Beyond violating our Constitution and the oath she took to uphold it, the senator demonstrates a lack of sincerity and ethics in casting her vote. She repeatedly suggests that S.1 won’t pass because the BDS provision is unconstitutional. If the Senator believes that S.1 should not pass, why then vote yea?

Moreover, the US government’s support for sanctions anywhere but against Israel is duplicitous. The senator states that she voted for S.1 explicitly because of the provision to sanction Syria for “human rights abusers in the Assad regime.” How then can the senator justify voting for a bill that criminalizes Americans, American businesses, and federal, state and local governments for supporting sanctions against Israel, a country with the distinction of being cited in more than 100 UN resolutions for violating human rights and international law vis-à-vis Palestinians?

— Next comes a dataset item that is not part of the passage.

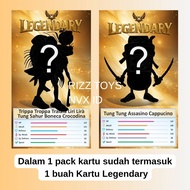 ANOMALI CARD - 1 Set of Anomali Brainrot Toys Tung Tung Sahur Cards - Children's Toys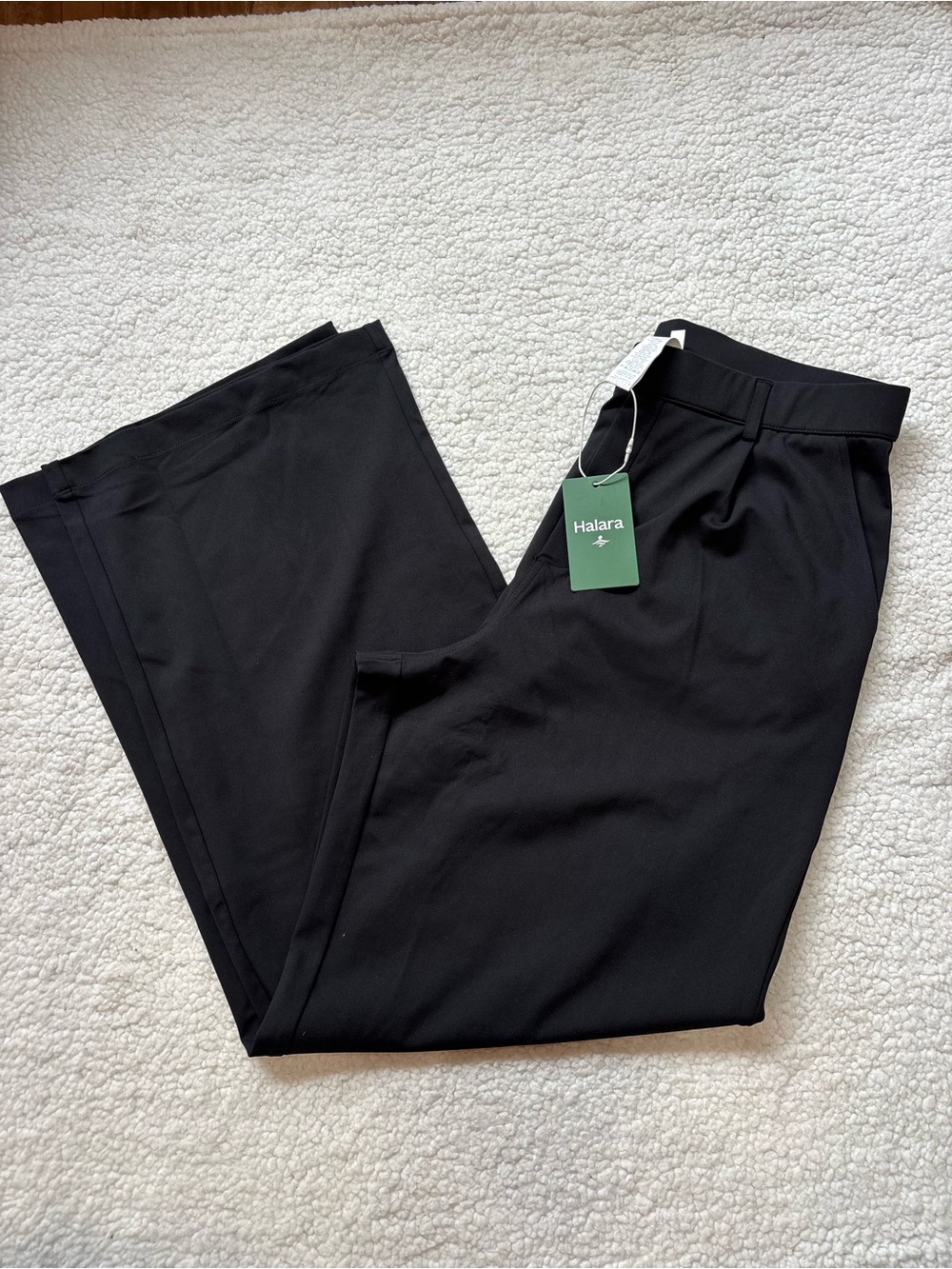 NWT Halara Black Wide Leg Trouser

For that matter, the US government applies sanctions against Venezuela, a country which has not violated any international laws or illegally invaded any nations, but has not sanctioned Saudi Arabia in the past four years for violating international law and human rights in Yemen as it bombed hospitals and obstructed aid from reaching the Yemenis in a war cited as the worst humanitarian disaster in the world. I would like to know why these two governments are not sanctioned for violating human rights and international law while others are sanctioned, even when not committing anything nearly as severe as these violations?

The senator acknowledges she is “concerned that the bill as drafted could be interpreted to change [in a more permissive direction] longstanding US policy toward Israeli settlement activity.” Nothing the Senator writes is more misleading. While the US government engages in “politically correct” discourse (like the senator’s statement quoted here) over the illegal Israeli settlements, an adjunct to a colonization process that steals land from Palestinians, bulldozes their homes, and displaces them from their communities, clearly in violation of international law, the veto power of the US government at the UN Security Council speaks a wholly other language. The US government has been the predominant, and often the only, obstacle blocking one UN Security Council vote after another to sanction the transgressions of Israeli regimes.

US government policy has consistently been to stand by, behind, over, and under Israel, no matter the injustices that have been committed against Palestinians since the ill-informed British idea, backed by the UN, was developed into the Partition Plan of 1947, to take away land from one people and give it to another. The senator is quite fond of the tired old trope that Israel is our only democratic ally in the Middle East, but conveniently silent over why we have so many allies that are not democratic (Saudi Arabia, Egypt, Jordan) and why “democratic” Israel is allowed to control the lives of more than four million stateless Palestinians living in Gaza and the West Bank.

These double standards smack of racism. The senator’s mixed heritage does not acquit her of being held accountable for racist attitudes and actions against a group of people she implicitly demonizes in justifying this vote. In fact, her response concerning the peaceful, constitutional Palestinian-inspired BDS movement is so anti-Palestinian that neither the word Palestine nor Palestinian is mentioned once! I, for one, would like to hear Tammy Duckworth say the words Palestine and Palestinian, and would like her to stop her participation in the erasure and cultural genocide of Palestinians.

With a Master’s from the UI School of Social Work, Sheri has taught overseas in Malaysia and the United Arab Emirates. A mother of three children, she has been an activist in efforts to remedy the Middle Fork coal ash problem and for the past two years she has been a member of Jewish Voice for Peace. She is also a poet and gives local readings.